**WHAT YOU NEED TO DO:**
Copy, with no pictures, the line that contains "Ariat fuchsia pink western shirt" and each line after it down to the end of the entries below, exactly.

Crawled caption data
..........

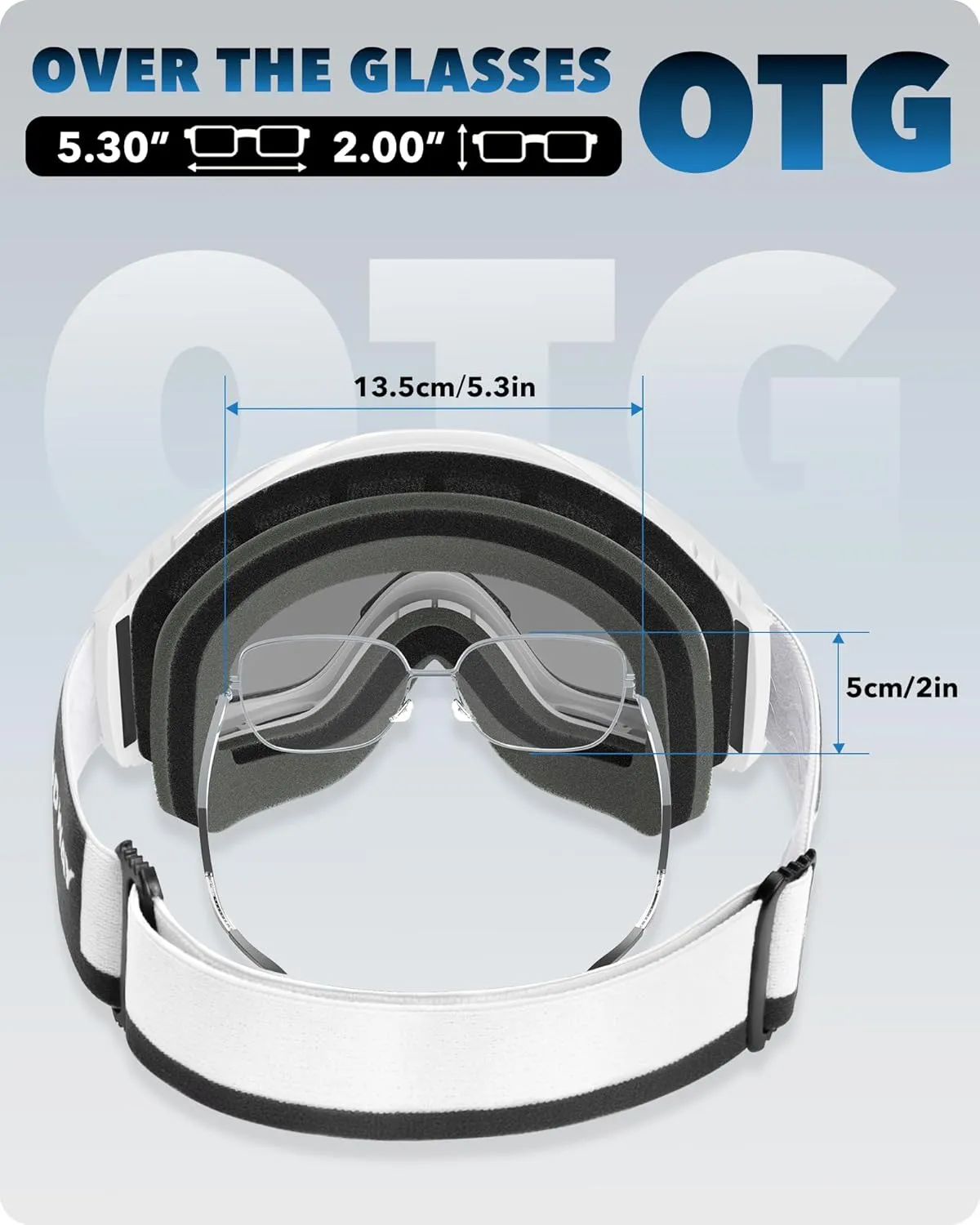 findway OTG Ski Goggles - Over Glasses Snow Snowboard Goggles for Men Women Adult & Youth - Anti-Fog 100% UV Protection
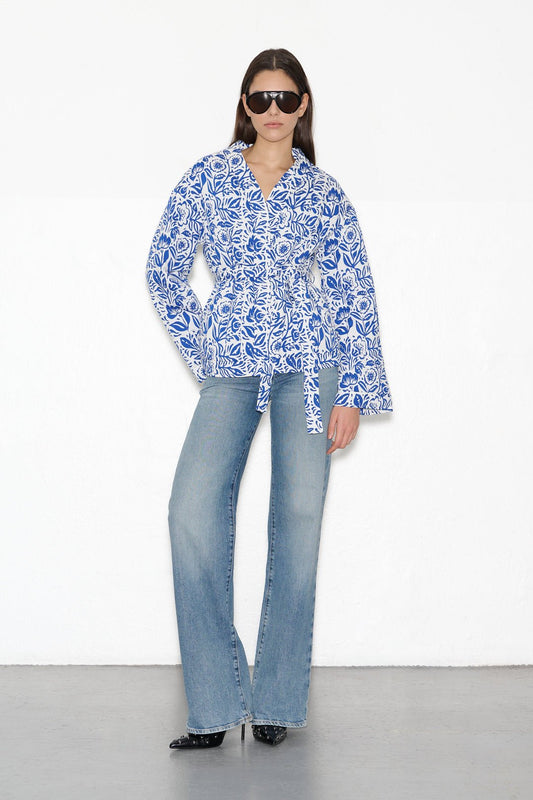 Achat Gilet GALICE PRINT FLEUR BLEUE - School Rag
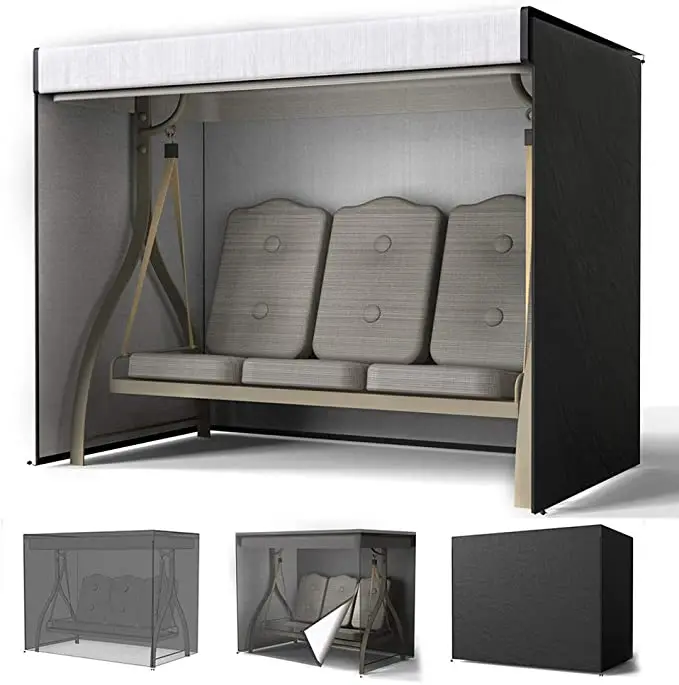 
Patio Outdoor Garden Swing Covers, 3 Seater Waterproof and Weather Protection Durable Porch Swing Covers,Black 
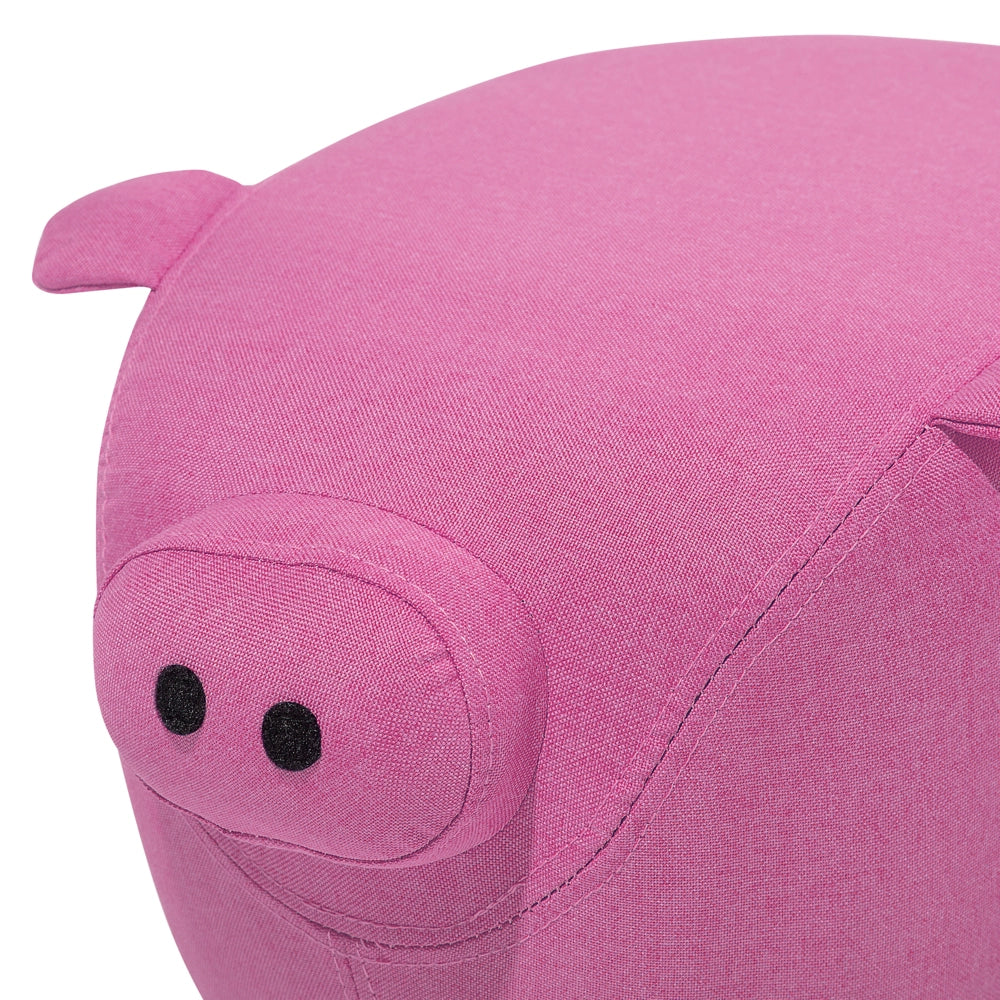 Sgabello per bambini Animale Maialino in tessuto rosa con gambe in legno Poggiapiedi per cameretta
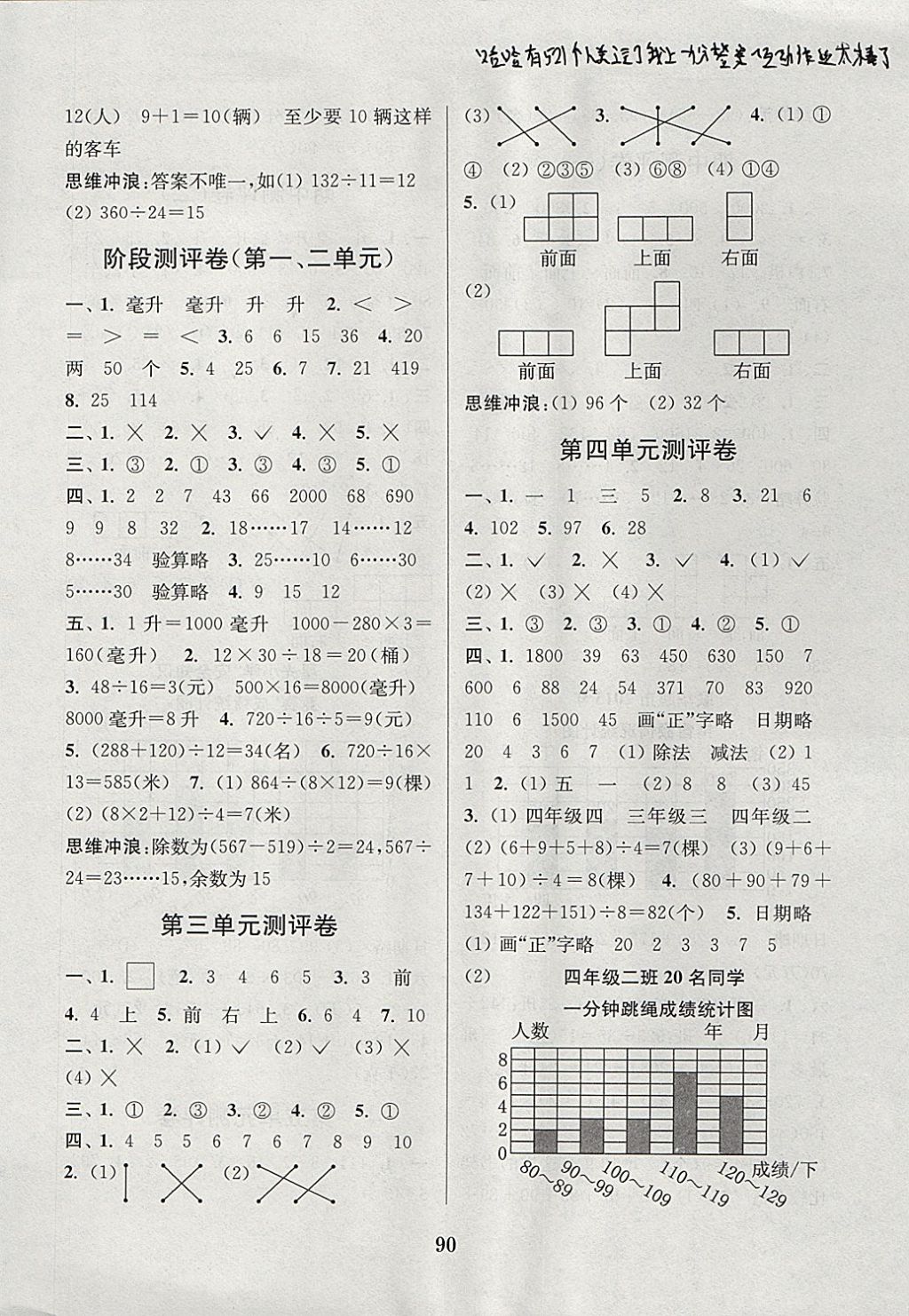 2017年通城學(xué)典小學(xué)全程測評卷四年級(jí)數(shù)學(xué)上冊蘇教版江蘇專用 參考答案第2頁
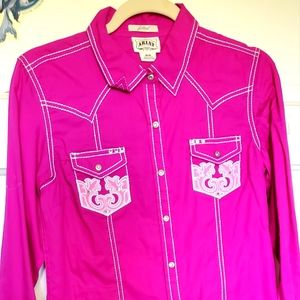 Ariat fuchsia pink western shirt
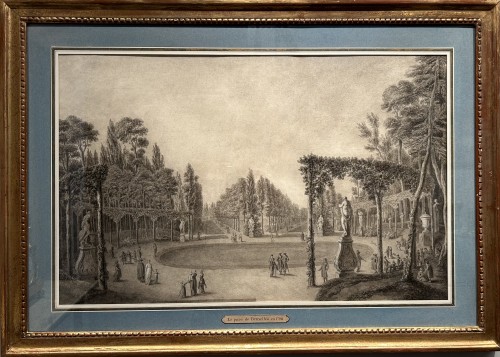 Paire de vues du parc de Bruxelles en 1798 - Tableaux et dessins Style 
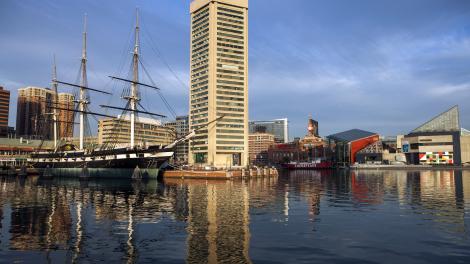 The USS Constellation, World Trade Center Institute and National Aquarium in Baltimore's Inner Harbor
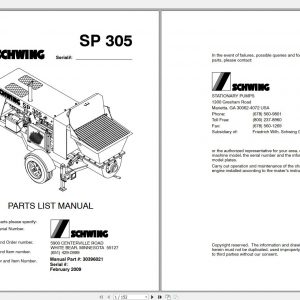 SCHWING SP 305 Part Manual30396021 1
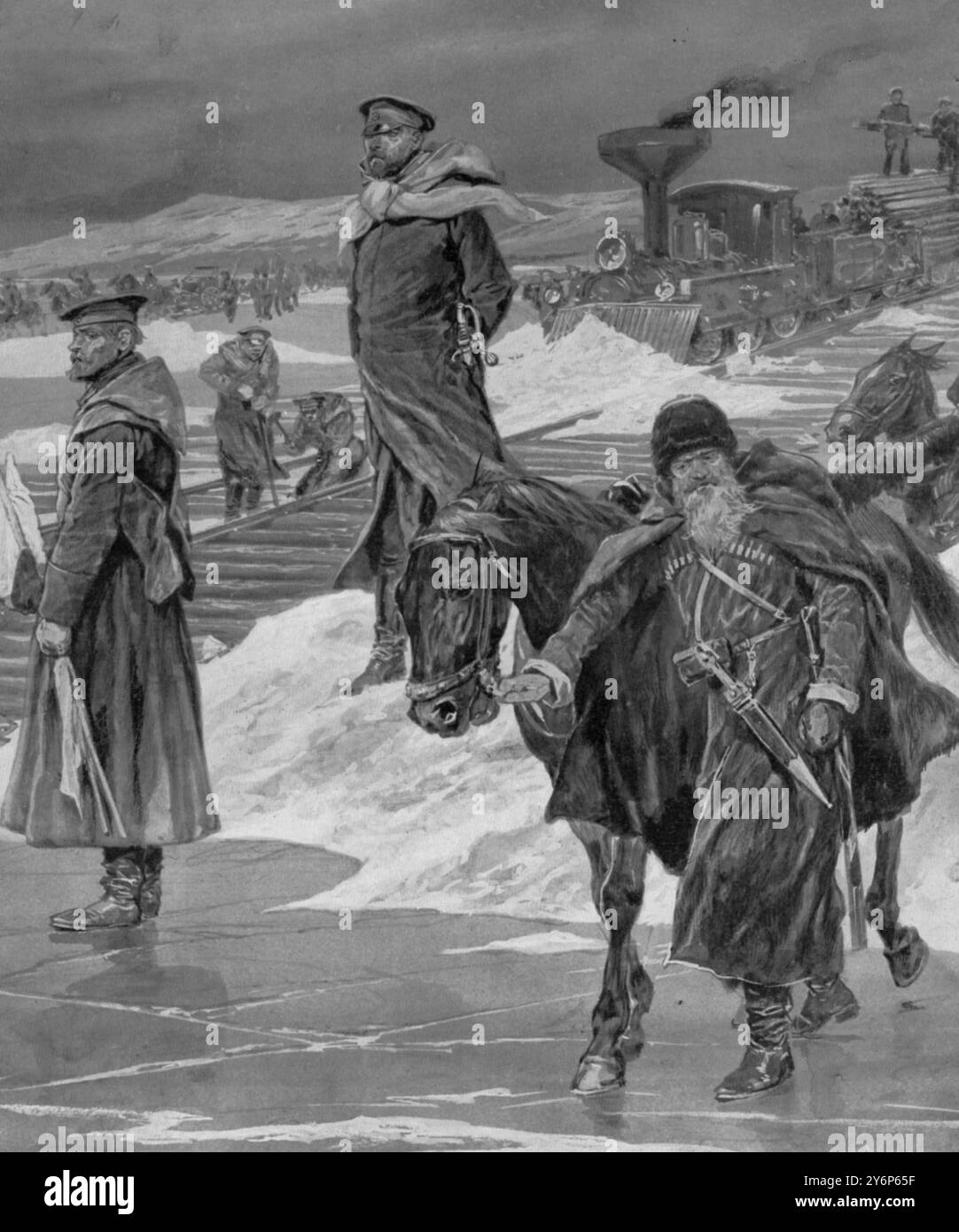 Die Eisenbahn auf dem Eis Russischer Transport über Einen gefrorenen Fluss Eine russische Feldbahn über einen icc-Fluss 1904 Stockfoto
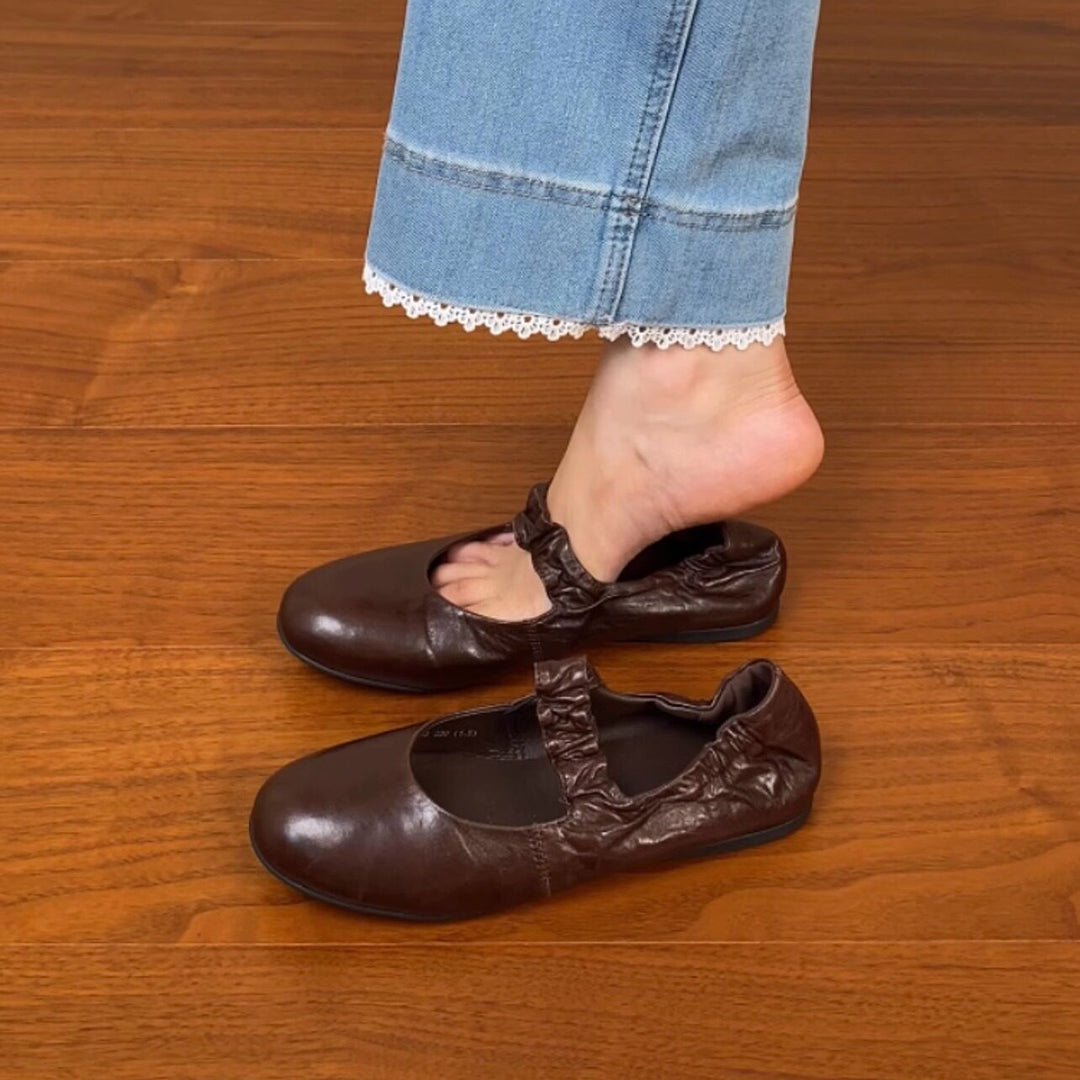 Damen Ballerinas mit elastischem Riemendesign und ergonomischer Fußbettgestaltung EB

..........

**SOLUTION TO THE EXERCISE:**
 Ariat fuchsia pink western shirt
 Paire de vues du parc de Bruxelles en 1798 - Tableaux et dessins Style 
 The USS Constellation, World Trade Center Institute and National Aquarium in Baltimore's Inner Harbor
 SCHWING SP 305 Part Manual30396021 1
 Die Eisenbahn auf dem Eis Russischer Transport über Einen gefrorenen Fluss Eine russische Feldbahn über einen icc-Fluss 1904 Stockfoto
 Damen Ballerinas mit elastischem Riemendesign und ergonomischer Fußbettgestaltung EB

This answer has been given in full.